Swedish mathematician

Ernst Filip Oskar Lundberg (2 June 1876 - 31 December 1965) was a Swedish actuary, and mathematician. Lundberg is one of the founders of mathematical risk theory and worked as managing director of several insurance companies.

According to Harald Cramér, "Filip Lundberg's works on risk theory were all written at a time when no general theory of stochastic processes existed, and when collective reinsurance methods, in the present sense of the word, were entirely unknown to insurance companies. In both respects his ideas were far ahead of their time, and his works deserve to be generally recognized as pioneering works of fundamental importance."

== Biography ==
Born in 1876, Filip Lundberg's father, Philip Lundberg, was a school teacher in mathematics who died just three months after Lundberg was born. Filip's first ambition was to follow his father's career in mathematics. He studied mathematics at the University of Uppsala, graduating in 1896 and receiving his Licentiate in 1898. However, instead of becoming a teacher, Filip joined a newly founded insurance company. In 1903, Lundberg went on to defend his doctoral thesis on the probability and collective risk. He soon moved to a second company where he was appointed actuary and, at the age of 28, became its managing director. From 1904 to the 1930s, Lundberg's activities were divided between his everyday life and trying to understand the relationship between the concepts 'collective' and 'risk'. Lundberg's results are described in his academic publications between the years 1909 and 1930. His major works on the ruin problem were published in 1926 and 1928. From 1910 on, he was a leading voice in debates about the life insurance industry and a prolific writer and debater. Lundberg advocated a cautious approach to the insurance business which emphasized consolidation before expansion. Lundberg went on to become a leader of the industry, managing other companies, serving as chairman of the Association of Swedish Life Insurance Companies for ten years, and sitting on government committees on insurance. Filip Lundberg left his last position within Swedish insurance, as chairman of the board of Eir, in the same year that his collective risk theory was definitively clarified. Filip Lundberg died in 1965.

== Work ==
In parallel to his business career, Lundberg worked on a theory of collective risk. In 1903, he finished his doctoral thesis, Approximations of the Probability Function/Reinsurance of Collective Risks. This introduced the compound Poisson process and involved work on the central limit theorem. Cramér writes that the thesis has a reputation for being impossible to understand but, that looked at now, "one cannot help being struck by his ability to deal intuitively with concepts and methods that would have to wait another thirty years before being put on a rigorous foundation." Cramér mentions later work by Andrey Kolmogorov and William Feller but it was Cramér himself who developed Lundberg's ideas on risk and linked them to the emerging theory of stochastic processes.

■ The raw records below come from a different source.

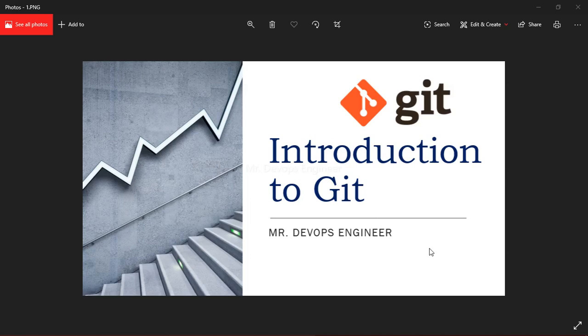There is regular communication between the developers. So what is Git? It's a version control system used for tracking changes in your computer files and is generally used for source code management and software development.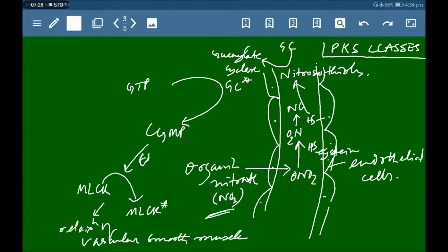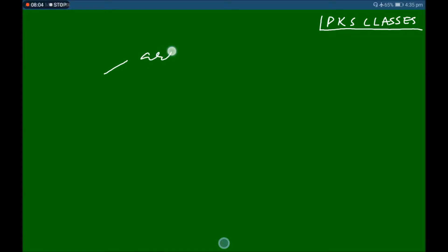In summary, organic nitrates release nitric oxide, which reacts with SH groups to form nitrosothiols. These activate guanylate cyclase, which converts GTP to cyclic GMP. Cyclic GMP inhibits MLCK activation, so myosin is not phosphorylated, there is no actin-myosin binding, and relaxation occurs.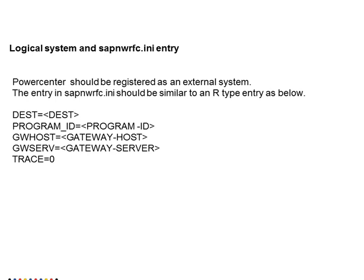The type R entry in SAP NW RFC dot INI file looks like this. There will be destination, program ID, GW host, GW server and trace. I will provide you a small demo on how to create a SAP BW service. Logical systems have to be created while creating the structures like OHD structure or InfoSpoke structures. As that needs another video to cover all the topics, we will cover only the SAP BW service in this video.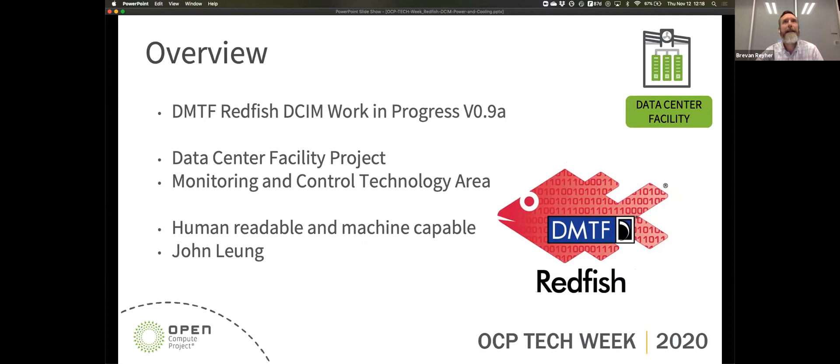It's a work in progress with data center infrastructure management. It is in the data center facility project, specifically in the technology area of monitoring and control, API-based, human-readable, machine-capable. It's been developed for hardware management. I believe our modular data centers were looking into developing profiles. I know that the advanced cooling solutions are developing profiles for the grid, heat exchangers, and some other items. John Leung is very active and pushing for adoption there.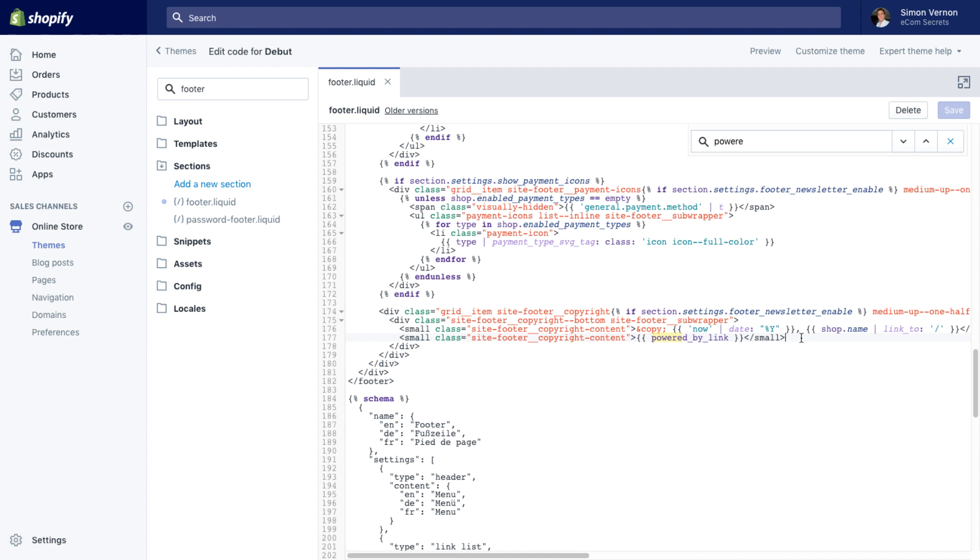It could possibly be in a different file and not footer.liquid, especially if you have a paid theme. Paid themes have a lot of customization with extra templates. So you may have to dig deeper and find exactly where this is, but for the debut theme and most of the free themes that ship with Shopify, this will be the route to find this.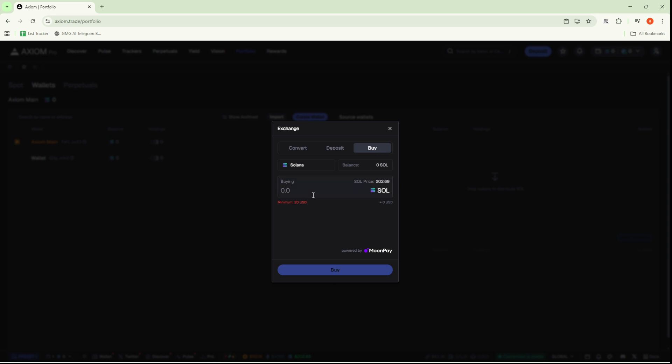After entering the desired amount, hit the Buy button again. You'll then be directed to MoonPay. In MoonPay, you'll be required to verify your information. It's a straightforward process, and once it's done, you'll be able to buy Solana and fund your Axiom Trade wallet without any further issues.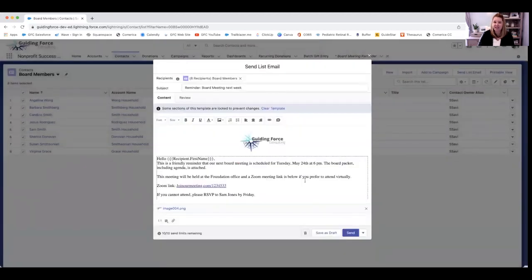So from seven to 10 clicks, I can send out this board meeting reminder every month. The opportunities to create lists and email templates and send out bulk emails very quickly is absolutely endless. All of these tools are native right in your Salesforce system — no extra programs, no extra cost involved.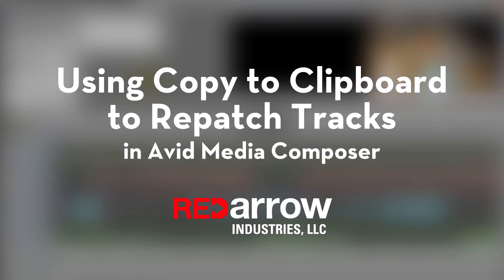Hey everyone, this is Sean with Red Arrow Industries, and today I want to show you a really cool tip on how to move a group of clips up and down different tracks.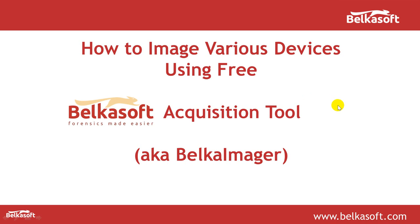Hello everyone, my name is Yuri. I'm from BelkaSoft and today I would like to show you how to image various devices using our free BelkaSoft Acquisition Tool or in short BelkaImager.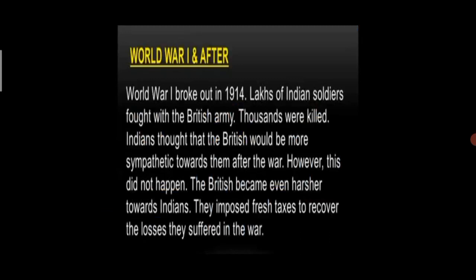Our next topic is World War I and After. World War I broke out in the year 1914. Lakhs of Indian soldiers fought with the British army, and thousands were killed. Indians thought that the British would be more sympathetic towards them after the war. However, this did not happen. The British became even harsher towards Indians and imposed fresh taxes to recover the losses they suffered in the war. Mahatma Gandhi came back to India from South Africa in the year 1915, while World War I was still going on.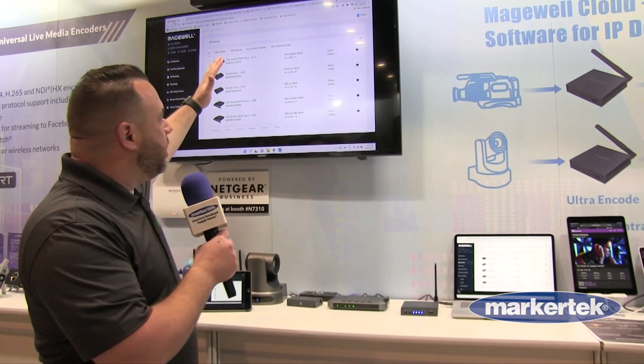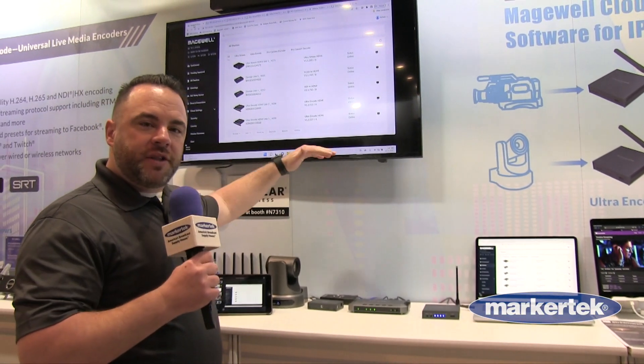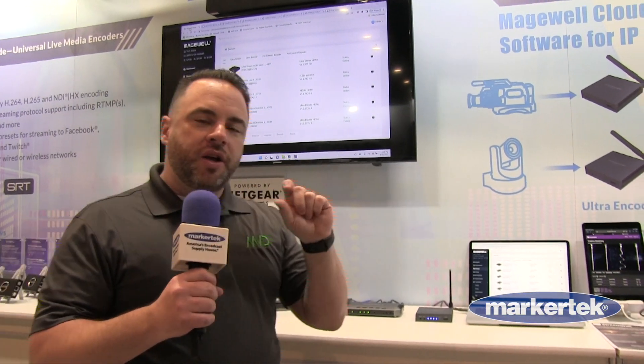I'll pull it up on the screen here. We can see all of our devices, and we can configure and control them from anywhere in the world. You can send them out and then access the web GUI through a web socket — a really unique feature.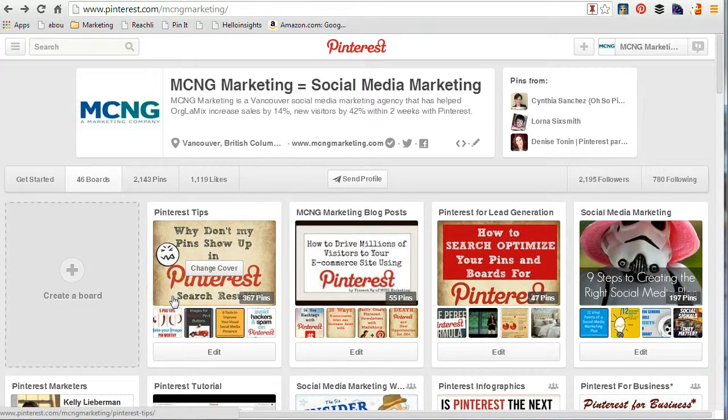Hello everybody, this is Vincent Ng of MCNG Marketing. Thank you for joining me in this video — today I want to explain some vocabulary, because a lot of times I go to a presentation and it's really fascinating.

Focardi & Fabozzi describes Lundberg's thesis as a milestone in actuarial mathematics. It was the first to define a collective theory of risk and to apply a sophisticated probabilistic formulation to the insurance ruin problem. Lundberg’s work anticipated many future developments of probability theory, including what was later to be known as the theory of point processes. Lundberg's theory, together with that of French mathematician Louis Bachelier, was ahead of its time and inspired the subsequent development of probability theory. But the type of mathematics implied by his work could not be employed completely until the development of digital computers.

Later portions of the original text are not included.